As discussed in a previous thread, I'm reframing my porch deck and
joists. On one end of the six foot span the joists hit the sheathed
exterior wall of the house, so I'll be using a ledger and joist
hangers. On the other end there is a porch knee wall and cripple wall
below that are framed as a single stud wall. The old joists ran into
this wall and were each nailed to the face of a stud, i.e. it was
balloon framed. Is there any advantage to balloon framing like this
over using a ledger and joist hangers?
BTW, it seems like a ledger and joist hangers don't provide much
resistance against the joists pulling away from the ledger, as this
would put all nails holding the hangers to the ledger into withdrawal.
Is this a concern?
Its a good practice to use lag bolts to attach the ledger- prob. not a
risk in your case, but for folks with a porch against the house, and
just a few support posts on the far end, ledgers that are just nailed
to the house have pulled out and dumped people to the ground.
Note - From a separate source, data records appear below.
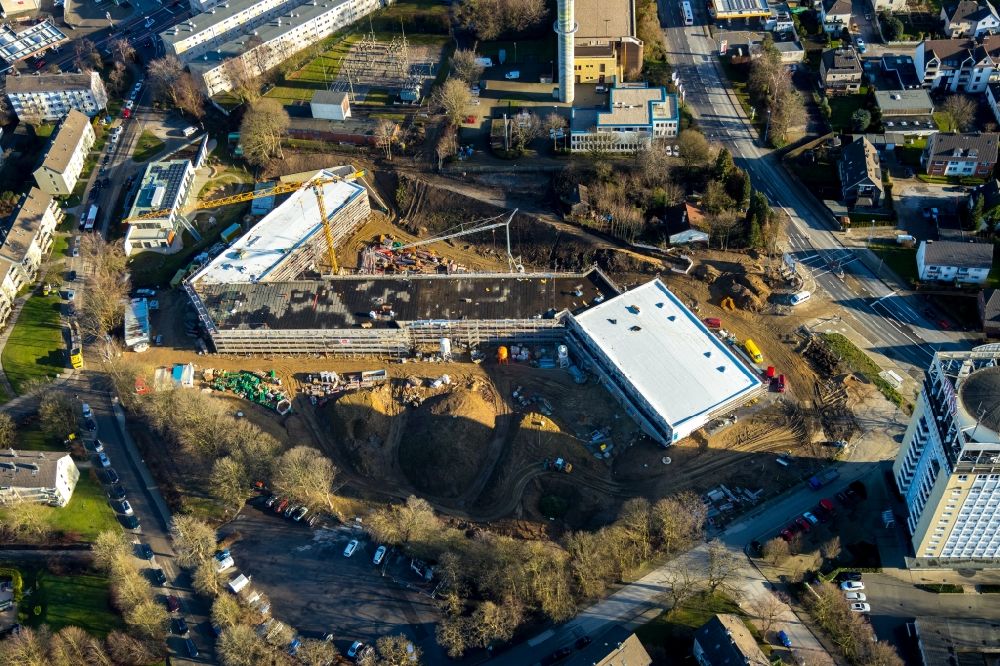 Luftaufnahme Velbert - Baustelle zum Neubau des Schulgebäudes an der Kastanienallee in Velbert im Bundesland Nordrhein-Westfalen, Deutschland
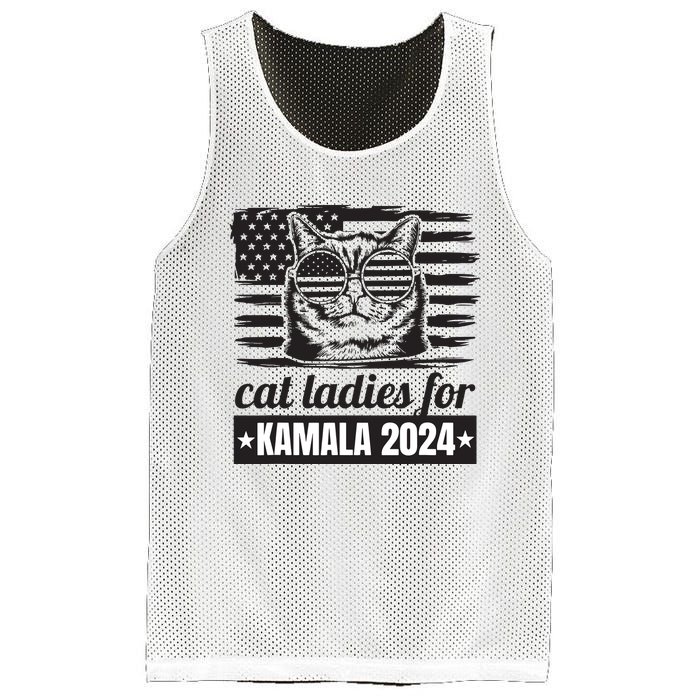 Kamala Harris 2024 Cat Lady Voting Cats Feminine Funny Women Mesh Reversible Basketball Jersey Tank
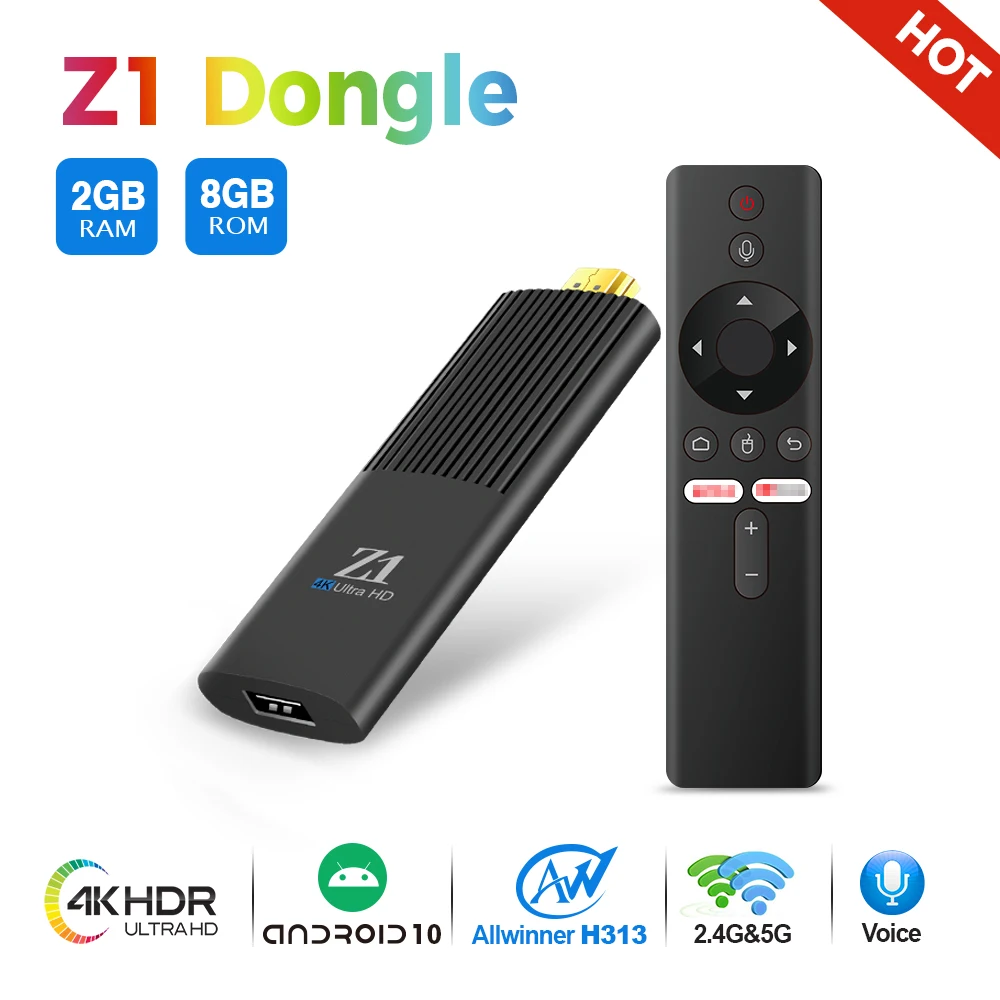 Z1 Dongle Smart TV Stick 4K Android 14 H313 2.4G/5G Wifi Support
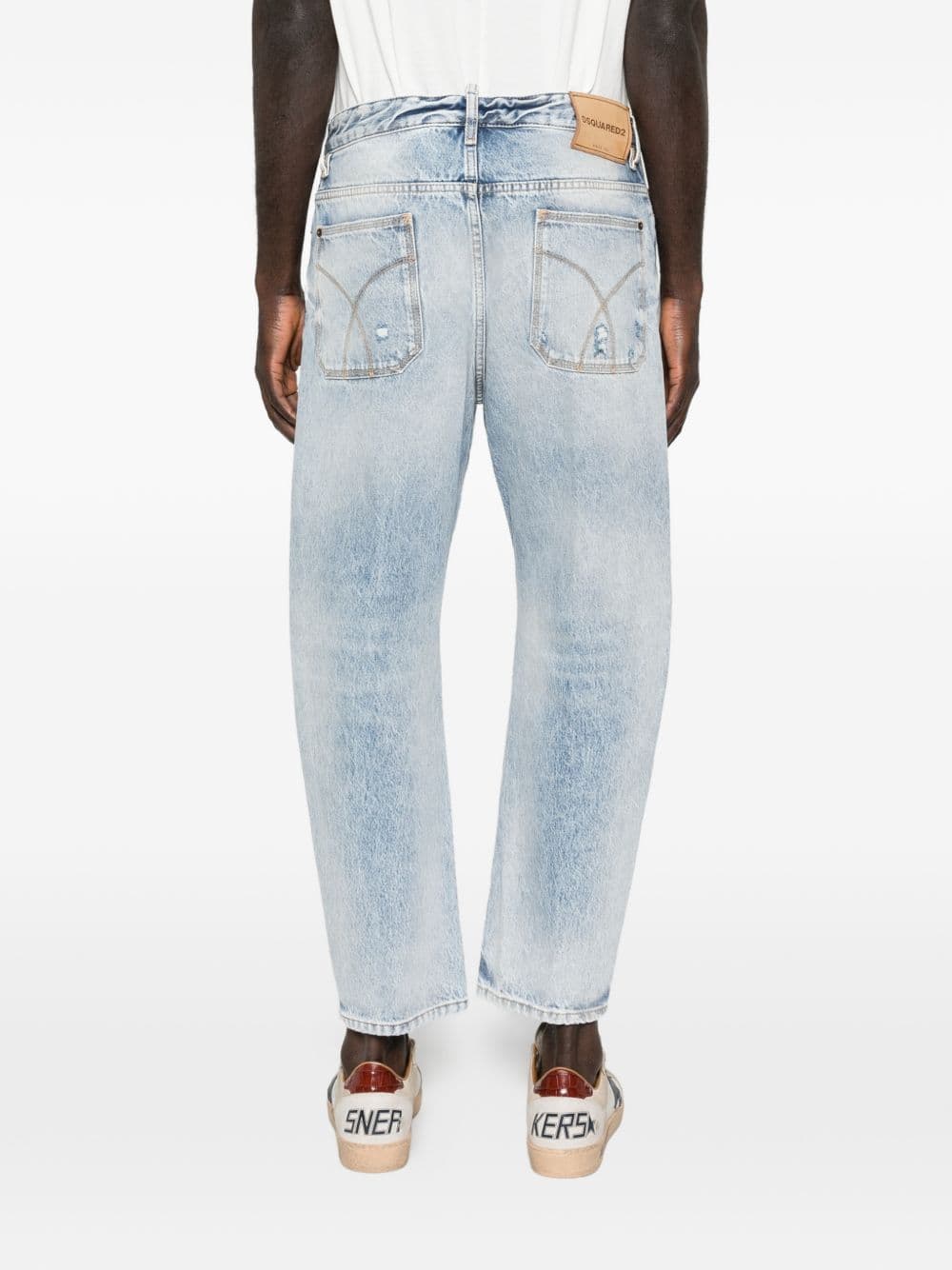 DSQUARED2 dsquared2 pantalone blu uomo bro distressed lavaggio chiaro - 3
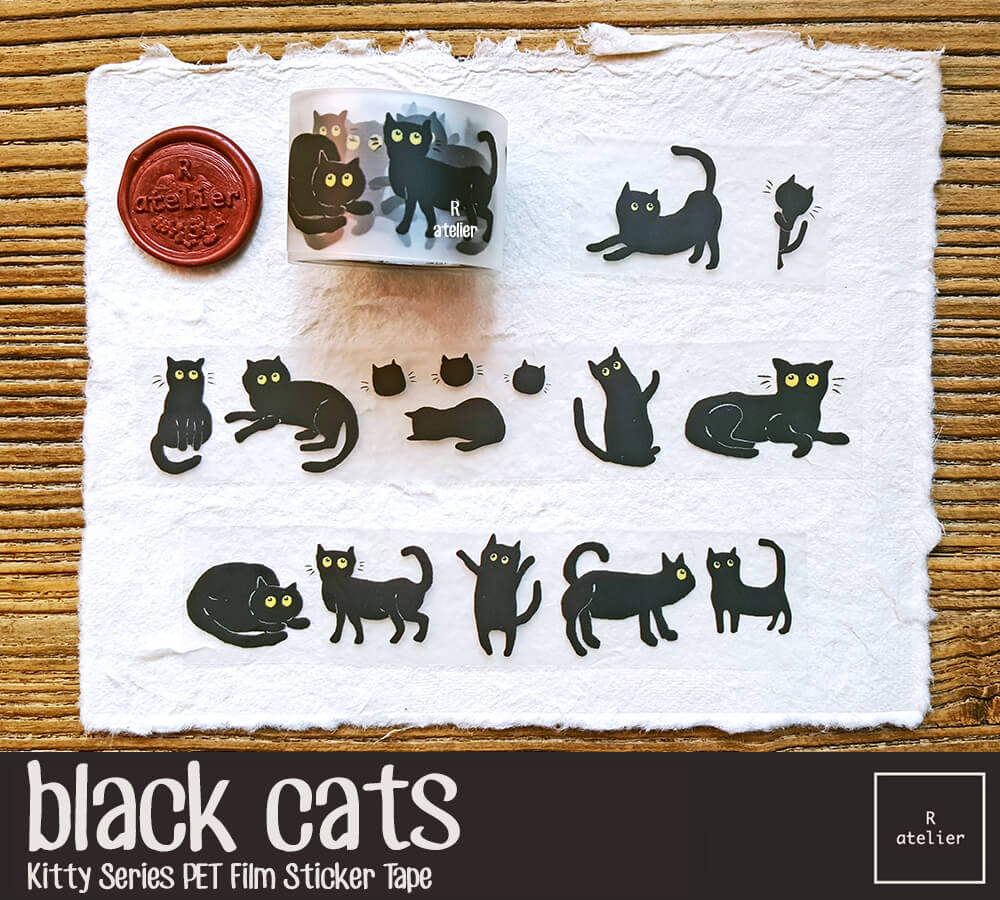 Black Cats PET Film Sticker Tape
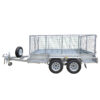 The Premium 8x5 Dual Axle Heavy Duty Tandem Trailer (2000KG ATM) for sale features 425mm high mesh sides, four tires, a mounted spare wheel, and a tow hitch—ideal for transporting goods or equipment.
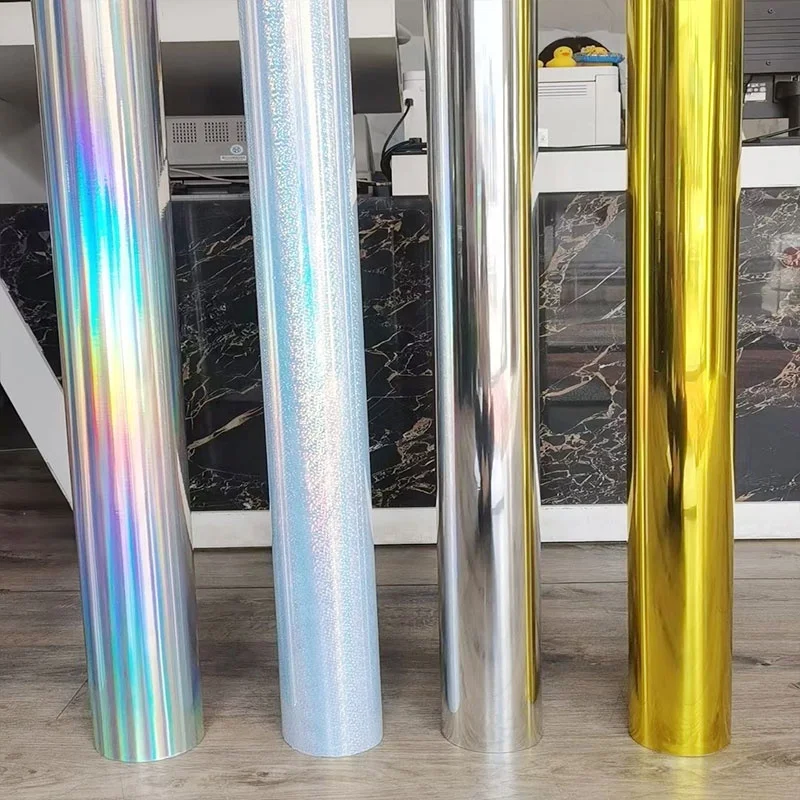 Guangzhou Stretchable PVC Material Laser Self Adhesive Holographic Film Roll Vinyl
having all the joist hangers pull out of the ledger is much less
Why do you say this? Is there some reason to think that the
withdrawal strength of a nailed metal hanger/wood connection is
greater than the withdrawal strength of a nailed ledger/wood
connection, if the nail diameter and the penetration into the second
member are the same? Or do you mean to suggest that the joist hanger
solution will simply have more nails? Just curious.
I'm no expert, but I would expect the direction of the grain makes a
difference. I've always found nails easier to extract pulling in the
direction of the grain. No, I don't have a cite, just in my experience.
One thing I can say for a fact, more nails means more friction.
I like the thought about the nails being harder to pull based on
I'm guessing also that there's something like the joists can't act as a
lever against the ledger the way the ledger can against the house for
any loads parallel to the ledger.
The joist hangers I've used require two toenails on each side,
plus a few nails driven directly into the ledger. With out
the hangers, you've only got the toenails, so I 'spose it would
depend on how many you drive. The bad news is if you
support your joists with nails driven straight through
the rim-joist into the end-grain. THAT gives you no withdrawal
resistance at all.
There are (at least) 3 ways to do this.
1. Balloon framed where joists run into wall cavity and are face
nailed to studs.
2. Balloon framed where joists run into a ledger attached to the
3. Platform framed where you have two separate walls each with top and
bottom headers and a rim joist capping the joists.
Balloon framing resists in/out racking better than platform framing
because there is no hinge point. Whether this is important or not
depends on whether you have outward forces from the roof, or live in
an earthquake zone, and whether the side walls provide resistance to
racking. If you are depending on the joist/wall connection to help
resist outward forces from the roof (or eathquakes) then method 1 is
probably best. Joist hangers aren't effective at resisting outward
force (unless you use the types with flanges that can be nailed off to
the top and bottom of the ledger.
Balloon framing, in theory, allows easier snaking of utilities, but
because it also allows easy propagation of fire up the wall, you
should always install fire blocking, which negates the snaking
Method 2 allows the joist spacing/placement to be different from the
stud placement/spacing, which may be an advantage in some designs.
Balloon framing is a little easier to insulate effectively, especially
with method 2, because the insulation can be run between the ledger
and the ouside wall. This is somewhat defeated by the fire blocking.
Platform framing gives you top and bottom plates to nail baseboard
molding and drywall to.
Platform framing lets you use shorter (and cheaper) studs. It sounds
like you have short walls, but when balloon framing a tall assembly,
it can be a real challenge to find long, staight, studs.
That's all that comes to mind at the moment...
Right, because the nails from the hanger to the carrying member would
all be in withdrawal. What about replacing these nails with a
structural screw, such as a Simpson SDS screw? I wonder what sort of
outward resistance this would give.
Thanks for the extensive answer on balloon versus platform framing.